Tradicionalmente, os trens de turismo operam em velocidades que não ultrapassam os 25km/h. Além disso, os trechos são curtos, mas isso não é uma regra. O Trem da Serra do Mar paranaense, que liga Curitiba (PR) a Paranaguá (PR) e foi eleito como uma das dez rotas mais bonitas do mundo, possui 110 quilômetros de extensão. o diretor executivo, da ANPTrilhos (Associação Nacional dos Transportadores de Passageiros sobre Trilhos), Rodrigo Vilaça, defende o transporte ferroviário com essa característica, ou seja, que integre turismo com mobilidade urbana, em maiores distâncias e velocidades.
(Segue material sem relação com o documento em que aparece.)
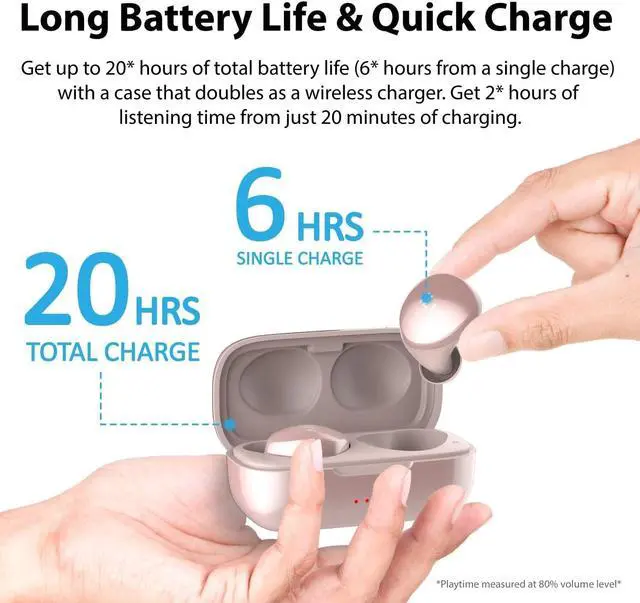 Alt view image 3 of 7 - iLuv TB100 Rose Gold True Wireless Earbuds Cordless in-Ear Bluetooth 5.0 with Hands-Free Call Microphone, IPX6 Waterproof Protection, High-Fidelity Sound; Includes Compact Charging Case & 3 Ear Tips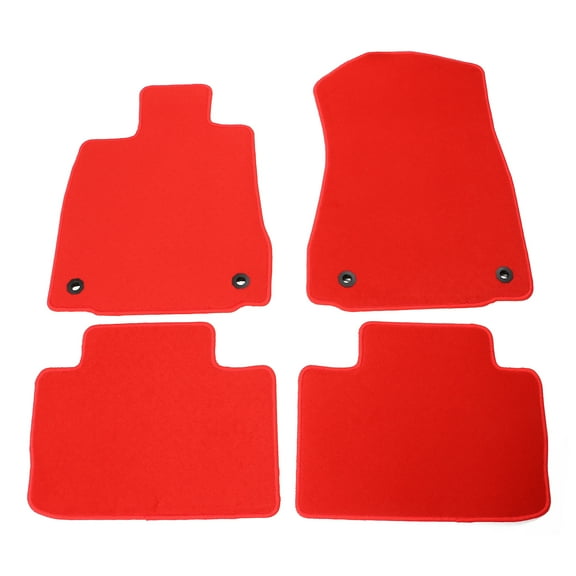 Ikon Motorsports Red Floor Mats Compatible With 2014-2023 Lexus IS-Class RWD Sedan, Nylon Car Front Rear Carpets Liner Protector 4PCS
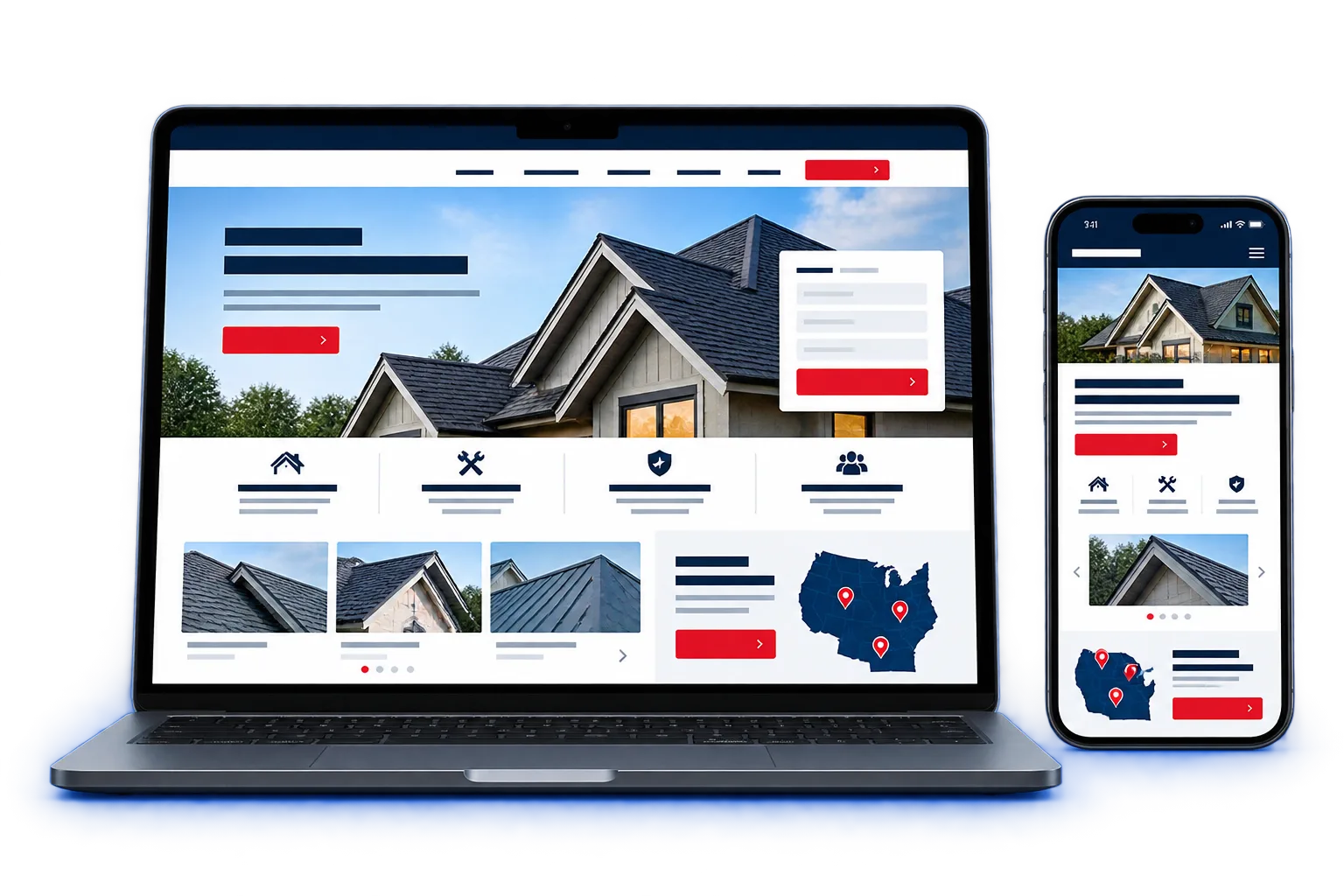 Original roofing contractor website shown on a laptop and phone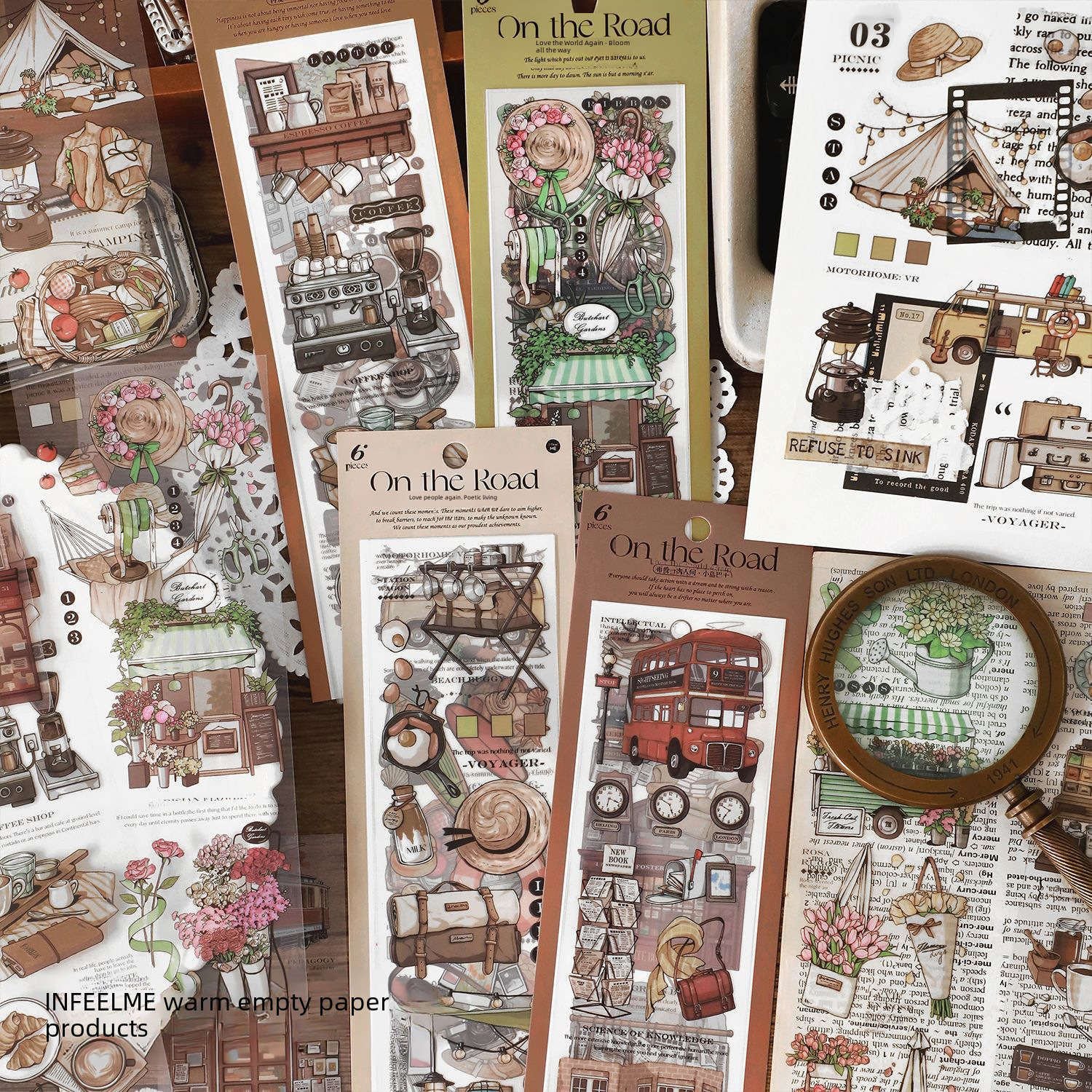 Infeel.me Again Love Series Pet Segmented Tape Vintage Ins Decorative Patchwork Diary Tape Office Cultural Paper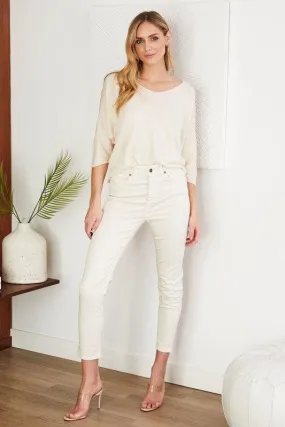 Drapey V-Neck Sweater in Beige by Venti6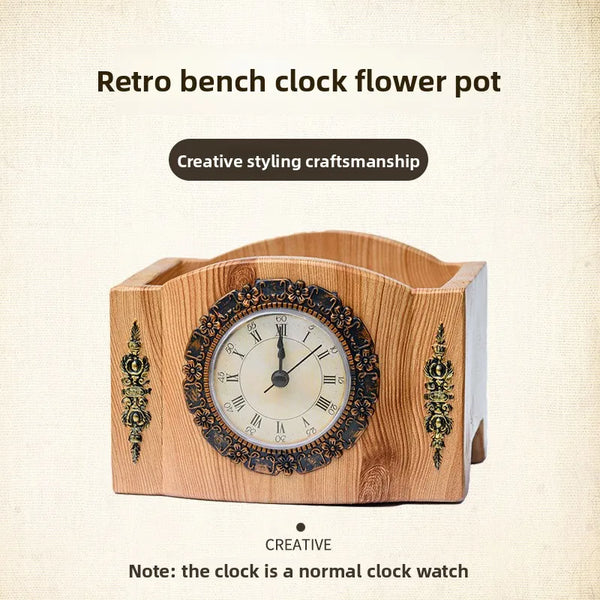 TimeBloom | Vintage Tischuhr mit Blumentopf | Kreatives Deko-Element aus Harz | Antik-Stil für Wohnzimmer
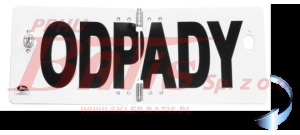 TABLICA WYRÓŻNIAJĄCA 'ODPADY'  / składana , łamana /     / wymiar 120*300  /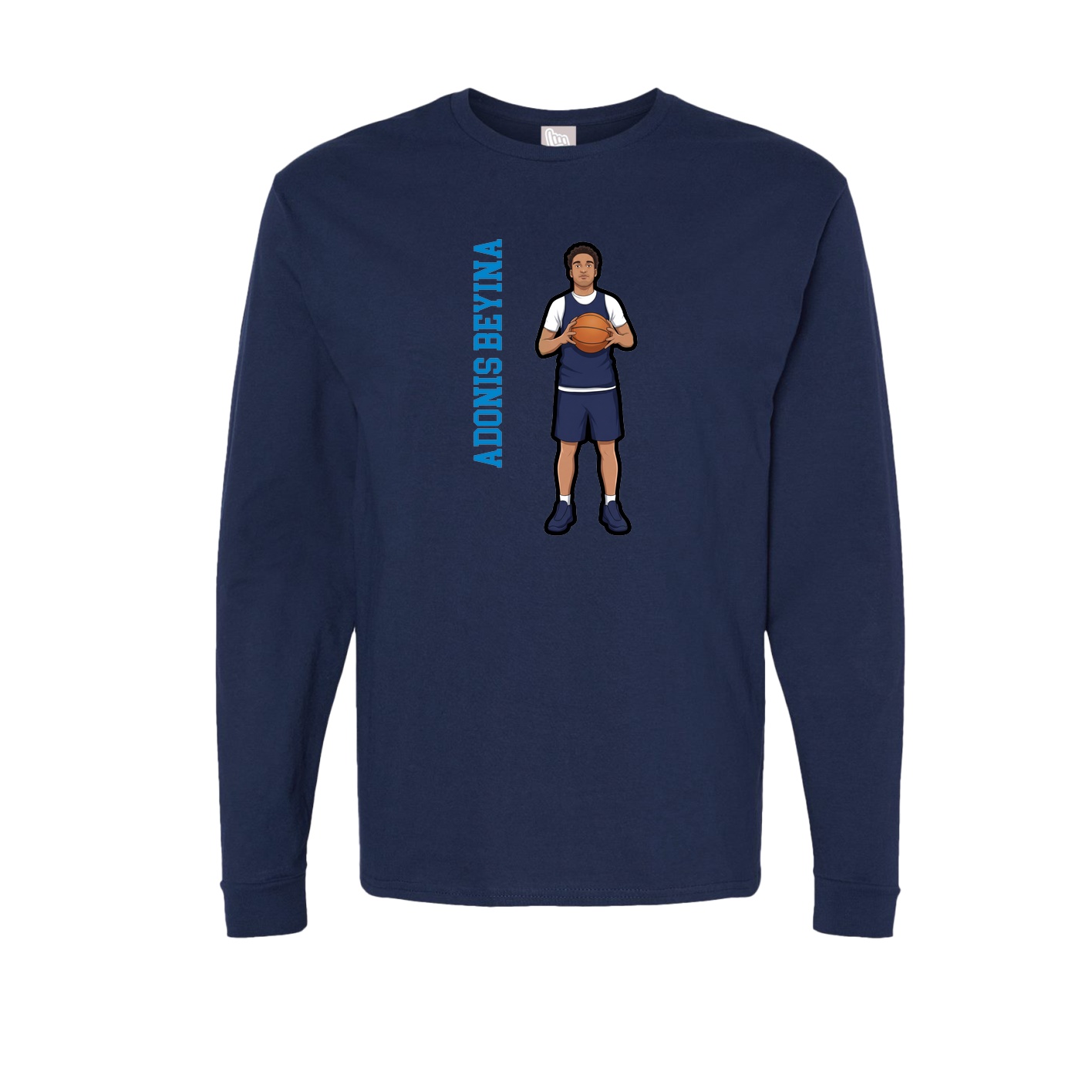 Long Sleeve Tee — Name Vertical in Navy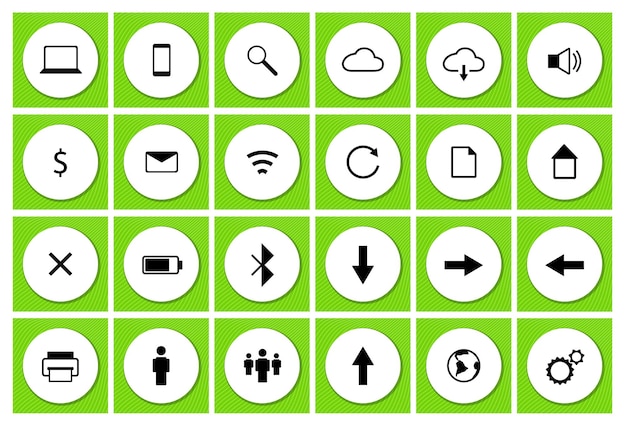 user interface technology black vector icon set on white circle for ui web application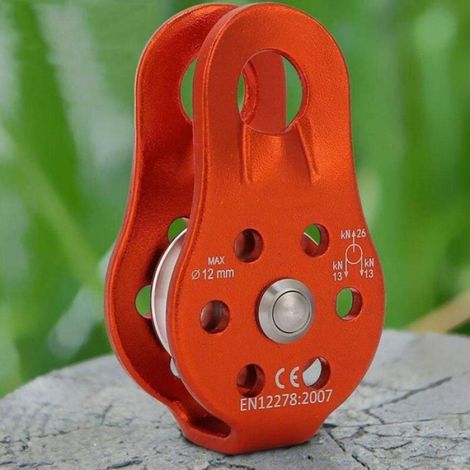 Poulie d'escalade en alliage d'aluminium - - Bloc de poulie à corde simple - Pour corde de 12 mm - 26KN (1/4)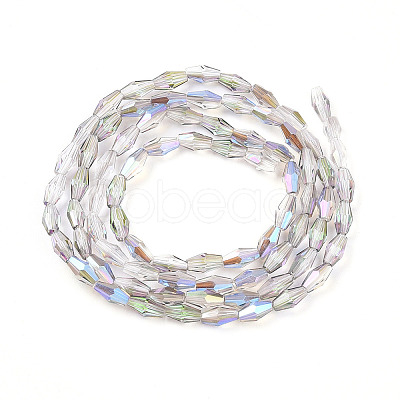 Transparent Electroplate Glass Beads Strands GLAA-K064-05A-01F-1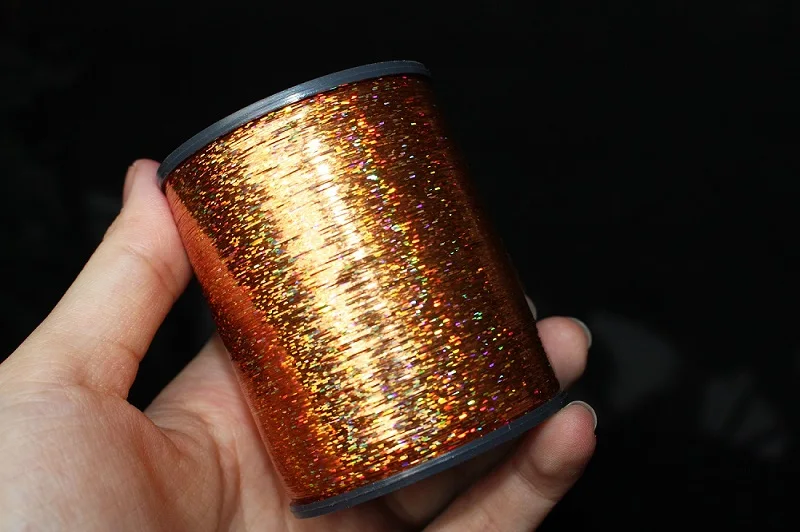 Tigofly 1 Катушка 7000 м 0,3 мм Flashabou Голографическая мишура Лазерная плоская майларовая мишура сверкающая Хрустальная вспышка форель материалы для завязывания мушек - Цвет: Copper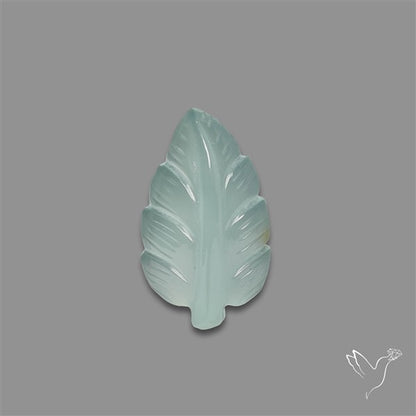 Aqua Chalcedony Leaf Carving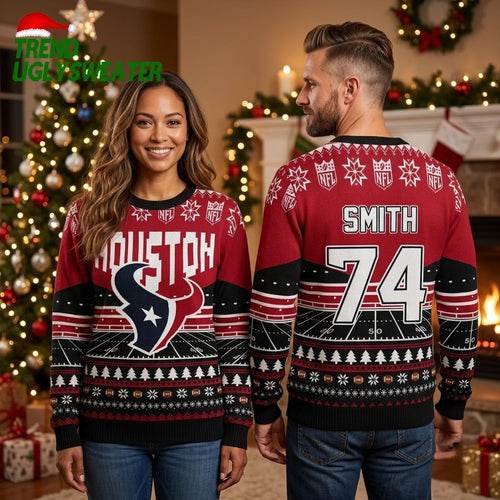 Personalized Houston Texans Football Field Custom Name And Number Ugly Christmas Sweater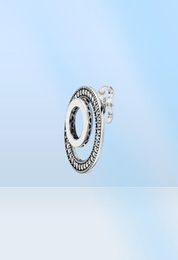 100 925 Sterling Silver Logo Circle Stud Earrings Pave Cubic Zirconia Fashion Women Wedding Engagement Jewelry Accessories6056418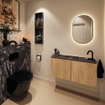 MONDIAZ TURE-DLUX 100cm toiletmeubel Washed Oak. EDEN wastafel Lava positie rechts. Met 1 kraangat. SW1104134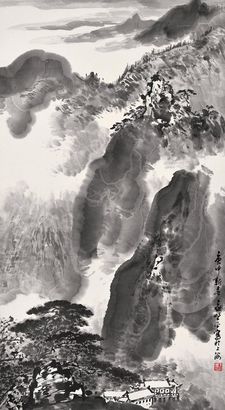 应野平 庚申(1980年)作 松山雨霁 立轴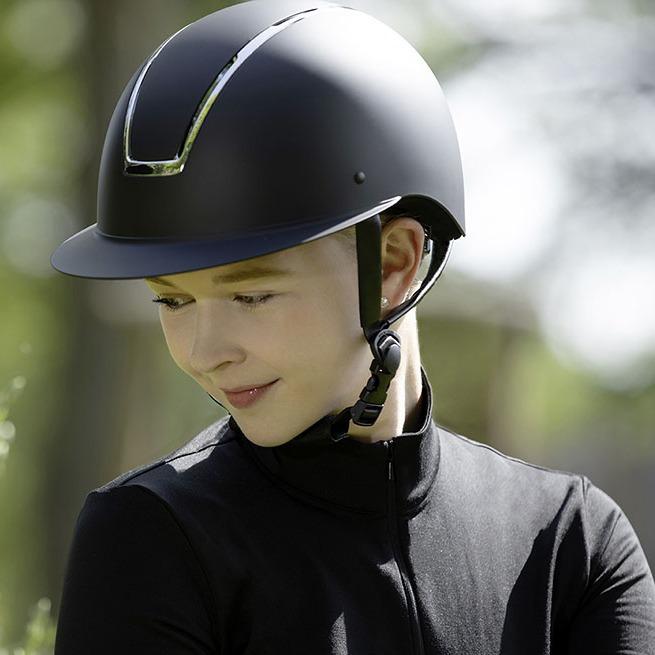 Casque d'équitation pour enfants et adultes HKM Lady Shield noir avec liseré argent
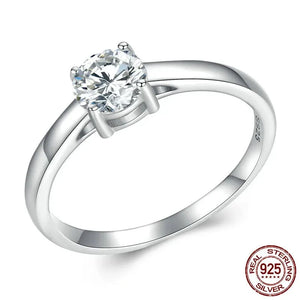 Women's 100% 925 Sterling Silver Moissanite Engagement Ring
“É uma tarefa árdua diante da malha ferroviária e da infraestrutura que nós temos. Precisamos, sim, admirar o passado, mas com a modernidade exigida pelo presente. Além do resgate da história, também é necessário fazer com que os mais jovens passem a optar pelo trem”, argumenta. O Trem Pé-Vermelho, que deve ligar as regiões metropolitanas de Maringá (PR) e Londrina (PR) é outro exemplo, segundo ele, dessa integração. A ferrovia passará por 13 cidades percorrendo uma extensão de 150 quilômetros.

Abandono chega a 5.000 km

Levantamento da ABPF (Associação Brasileira De Preservação Ferroviária) revela que existem entre 4.000 quilômetros e 5.000 quilômetros de linhas abandonadas no país. A entidade, que tem o objetivo de resgatar a memória sobre trilhos nacional, se dedica a recuperar locomotivas antigas e malha subaproveitada, além de estações abandonadas.

De acordo com o diretor-secretário da associação, Bruno Sanches, na época da privatização do sistema ferroviário, em 1997, a malha total da RFFSA (Rede Ferroviária Federal) considerada operacional era de cerca de 25 mil quilômetros. Essa extensão foi repassada à iniciativa privada. O governo herdou a parte não-operacional. Entretanto, no decorrer dos anos, muitos trechos em condições de uso foram abandonados pelas concessionárias com a justificativa de que não havia demanda suficiente. Para isso, as empresas fizeram acordo com a ANTT (Agência Nacional De Transportes Terrestres) para devolver os trechos.

A ABPF, que já opera em nove trens no país, pretende resgatar essa quilometragem subaproveitada. o processo, porém, não é fácil. “A gente nunca terá condições de cuidar de tudo porque não são só linhas, são vagões abandonados, sem falar nos prédios, nas estações e nos depósitos de carga. Temos uma longa missão pela frente”. A expectativa é de que os próximos trens a serem implementados sejam os de Cruzeiro (SP), Curitiba (PR) e Poços de Caldas (MG). mas, todas as ideias ainda estão em fase de projeto.